● Entries provided

------------------------------------------------------------------------

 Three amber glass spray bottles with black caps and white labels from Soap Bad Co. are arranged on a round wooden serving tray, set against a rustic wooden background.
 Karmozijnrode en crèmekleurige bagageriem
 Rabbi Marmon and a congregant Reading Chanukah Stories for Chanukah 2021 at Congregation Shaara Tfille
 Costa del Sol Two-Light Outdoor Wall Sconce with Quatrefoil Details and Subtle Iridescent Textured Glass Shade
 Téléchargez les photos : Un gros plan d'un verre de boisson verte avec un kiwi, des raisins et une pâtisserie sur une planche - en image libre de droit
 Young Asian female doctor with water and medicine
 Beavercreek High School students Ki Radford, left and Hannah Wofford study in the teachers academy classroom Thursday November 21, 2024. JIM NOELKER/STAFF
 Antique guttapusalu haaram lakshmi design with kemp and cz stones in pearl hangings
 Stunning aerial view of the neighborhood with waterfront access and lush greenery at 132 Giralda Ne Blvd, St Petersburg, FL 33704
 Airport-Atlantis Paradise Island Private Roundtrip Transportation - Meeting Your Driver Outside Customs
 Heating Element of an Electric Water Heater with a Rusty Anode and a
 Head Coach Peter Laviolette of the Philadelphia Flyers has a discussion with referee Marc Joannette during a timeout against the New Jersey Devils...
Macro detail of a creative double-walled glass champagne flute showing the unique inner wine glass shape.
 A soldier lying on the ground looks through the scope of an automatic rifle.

------------------------------------------------------------------------

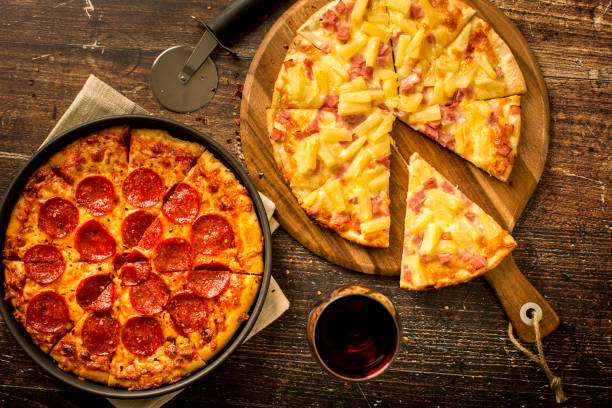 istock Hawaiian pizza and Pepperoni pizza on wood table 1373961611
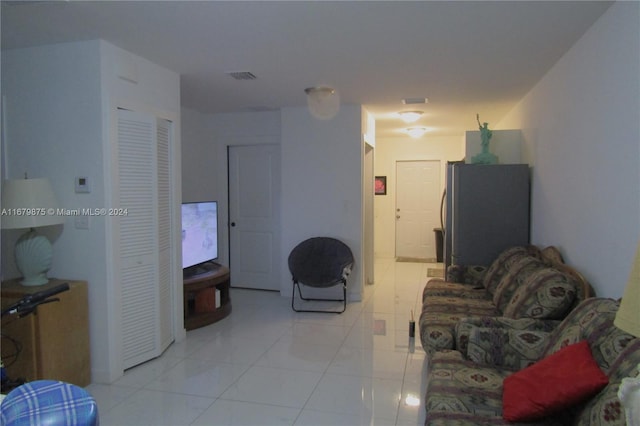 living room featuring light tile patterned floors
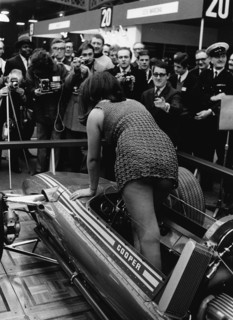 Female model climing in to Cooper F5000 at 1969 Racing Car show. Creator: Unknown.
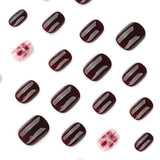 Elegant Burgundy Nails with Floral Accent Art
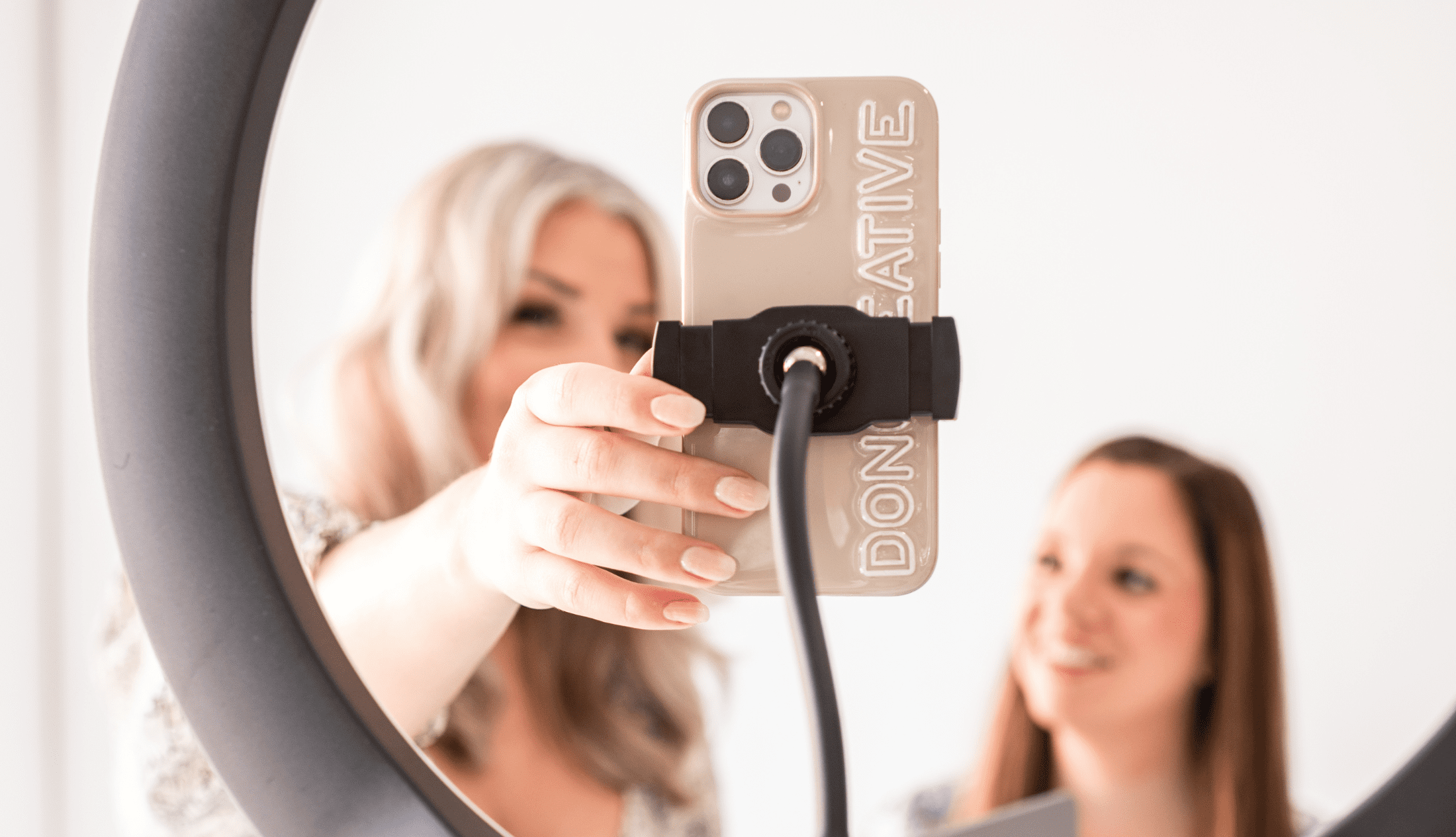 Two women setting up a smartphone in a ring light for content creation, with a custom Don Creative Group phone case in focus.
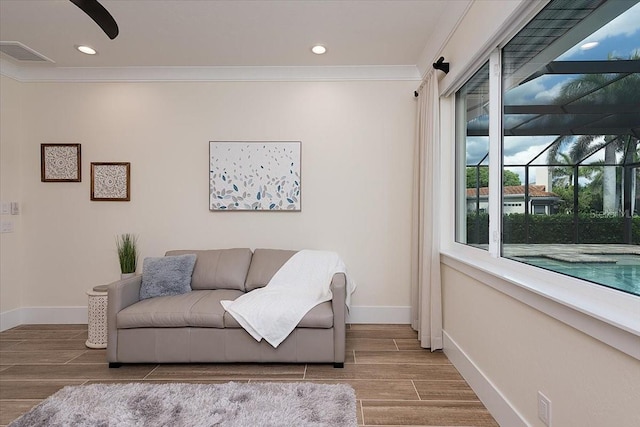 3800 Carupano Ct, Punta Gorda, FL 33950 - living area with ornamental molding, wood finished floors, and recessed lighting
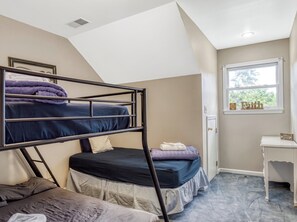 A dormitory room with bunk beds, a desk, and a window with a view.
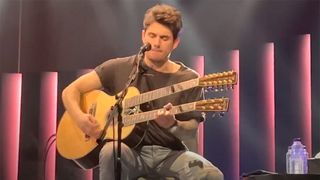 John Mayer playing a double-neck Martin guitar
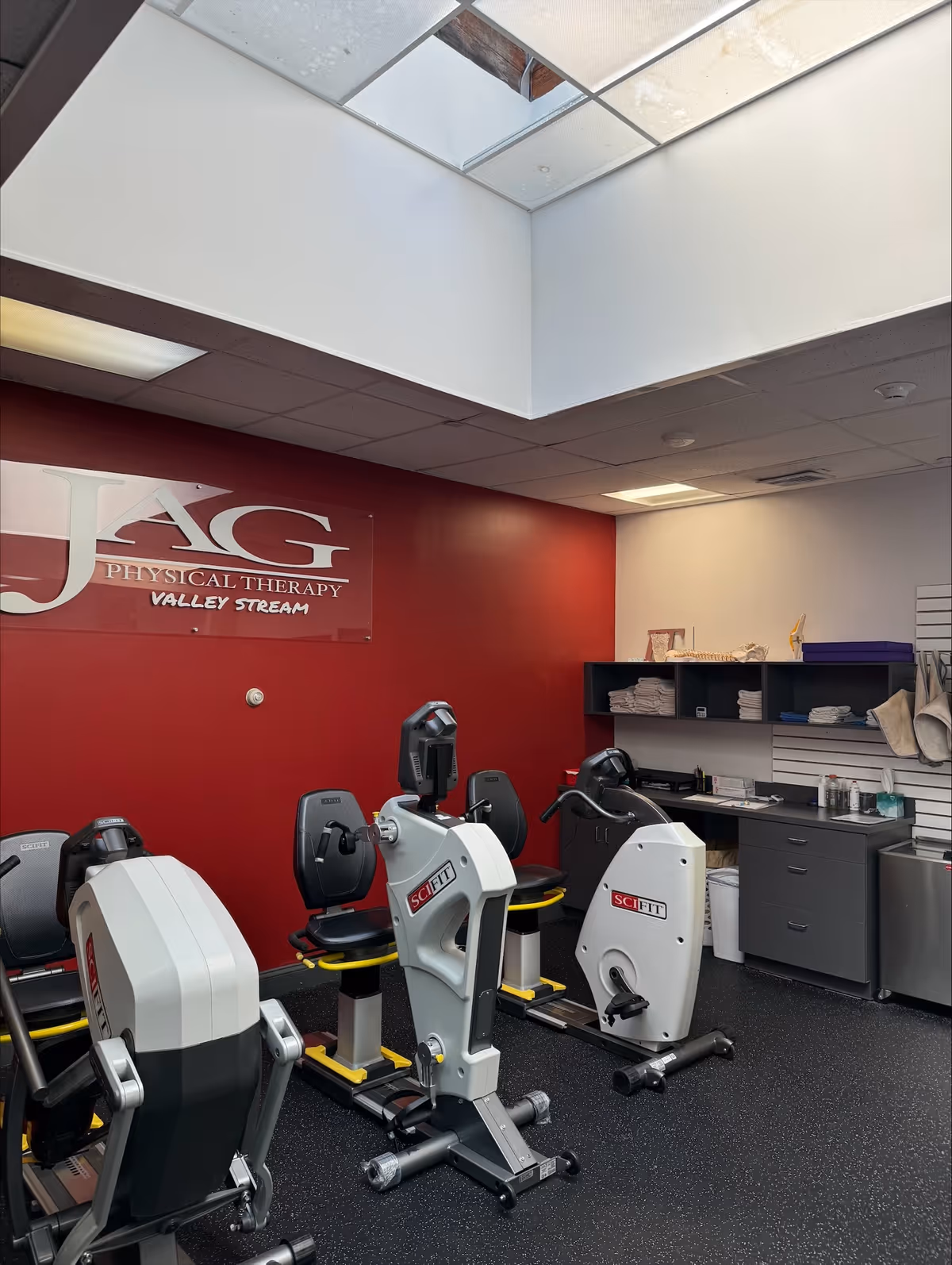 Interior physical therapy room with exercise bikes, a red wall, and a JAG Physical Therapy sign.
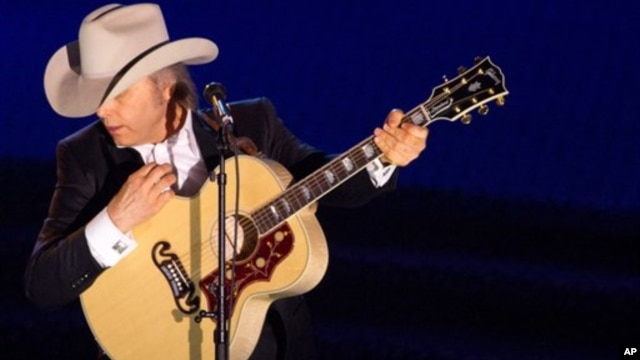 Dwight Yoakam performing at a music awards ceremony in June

------------------------------------------------------------------------

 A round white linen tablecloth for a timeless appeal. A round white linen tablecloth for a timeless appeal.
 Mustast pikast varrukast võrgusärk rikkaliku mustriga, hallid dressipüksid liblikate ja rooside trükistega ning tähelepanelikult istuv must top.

------------------------------------------------------------------------

● Assigned task
The required output is the stretch of entries above from the line containing "Three amber glass" through the line containing "Karmozijnrode en crèmekleurige bagageriem", reproduced exactly.

● Task output
 Three amber glass spray bottles with black caps and white labels from Soap Bad Co. are arranged on a round wooden serving tray, set against a rustic wooden background.
 Karmozijnrode en crèmekleurige bagageriem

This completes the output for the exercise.